[The task]: The required output is the lines of the listing from the beginning through the line containing "Foto 1: #PraTodosVerem: Na", each copied exactly, without any pictures.

※ ※ ※

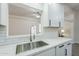 Bright kitchen featuring white cabinets, subway tile backsplash, and stainless steel sink with modern faucet at 1519 E Indian Wells Dr, Chandler, AZ 85249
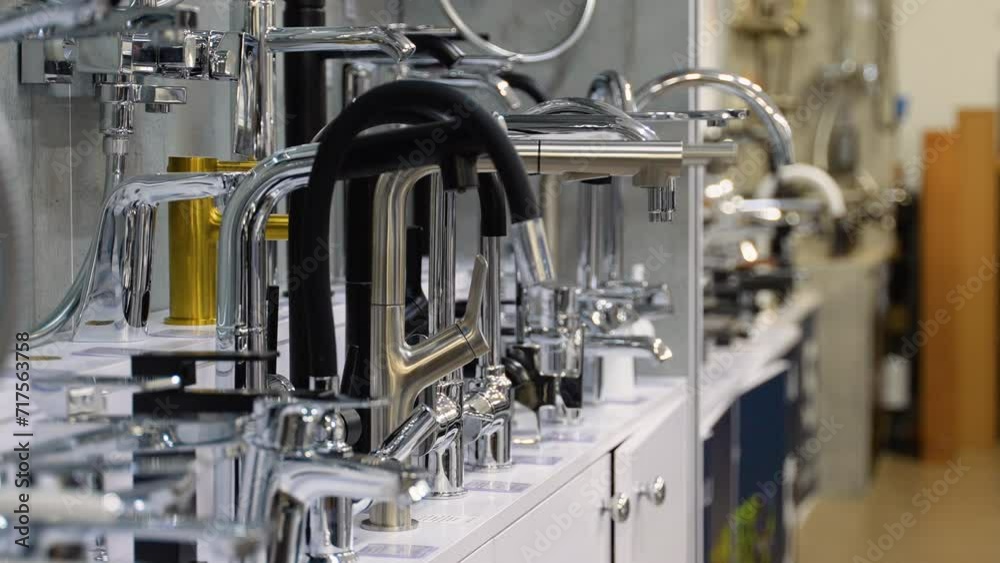 Showcase in the store with faucets for the kitchen and bathroom Showcase in the store with faucets for the kitchen and bathroom
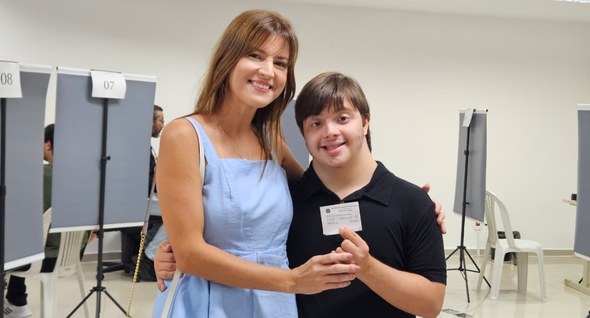 Foto 1: #PraTodosVerem: Na fotografia aparece uma mulher de vestido azul claro abraçada a um jov...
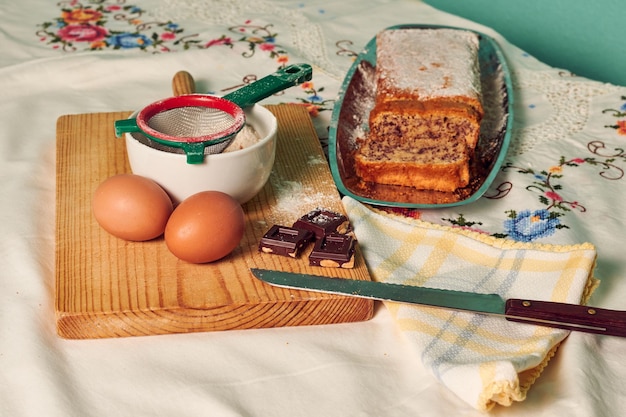 Hausgemachter Biskuitkuchen auf einer weißen Tischdecke mit einigen Zutaten, Eiern, Schokolade und Mehl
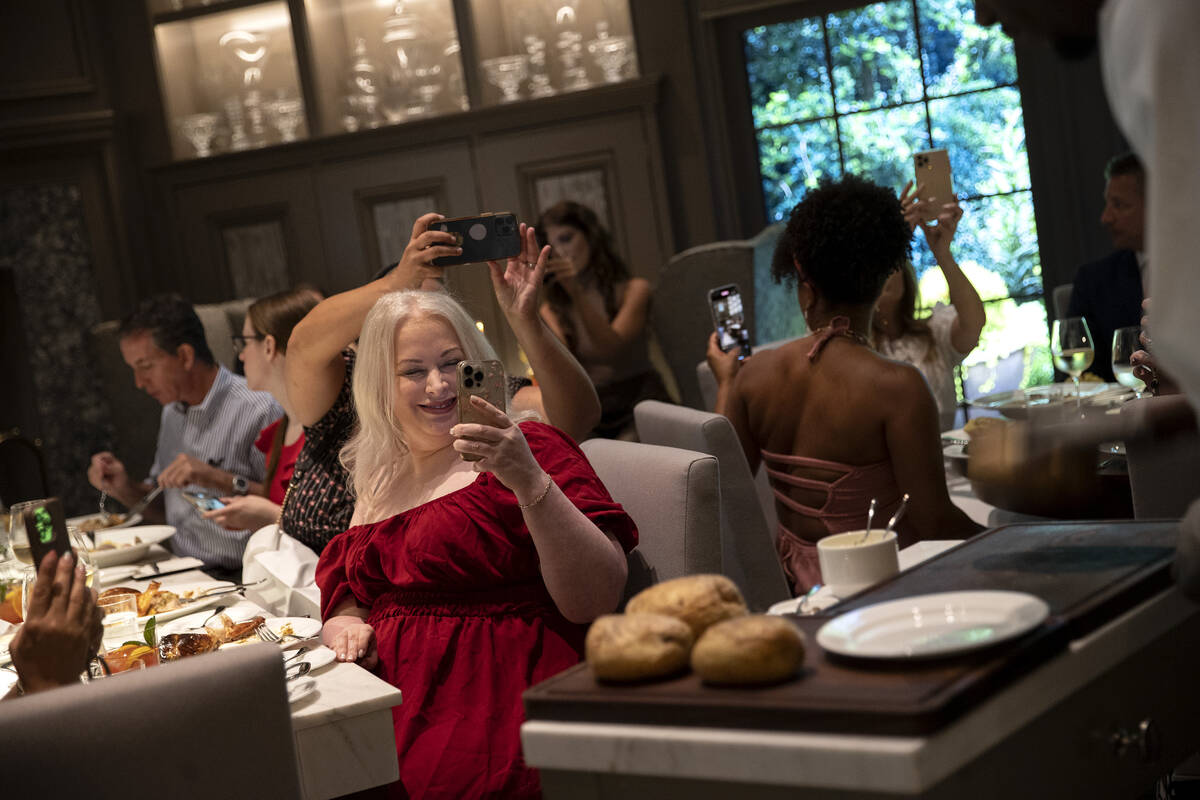 Guests watch as a chef prepares Martha’s smashed baked potato tableside during a media r ...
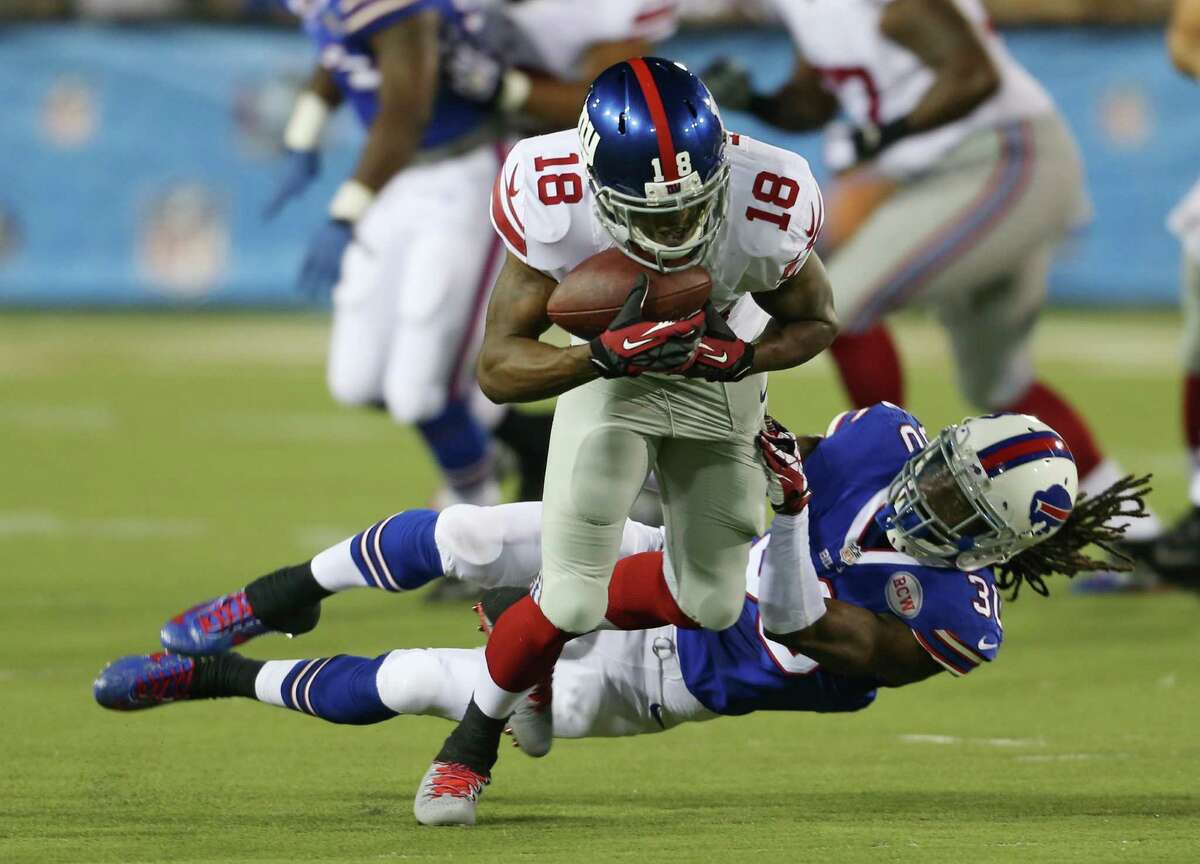 Giants receiver Marcus Harris (18) tries to break free while taking the Bills' Mario Butler for a ride.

※ ※ ※

[Worked solution]:
 Bright kitchen featuring white cabinets, subway tile backsplash, and stainless steel sink with modern faucet at 1519 E Indian Wells Dr, Chandler, AZ 85249
 Showcase in the store with faucets for the kitchen and bathroom Showcase in the store with faucets for the kitchen and bathroom
 Foto 1: #PraTodosVerem: Na fotografia aparece uma mulher de vestido azul claro abraçada a um jov...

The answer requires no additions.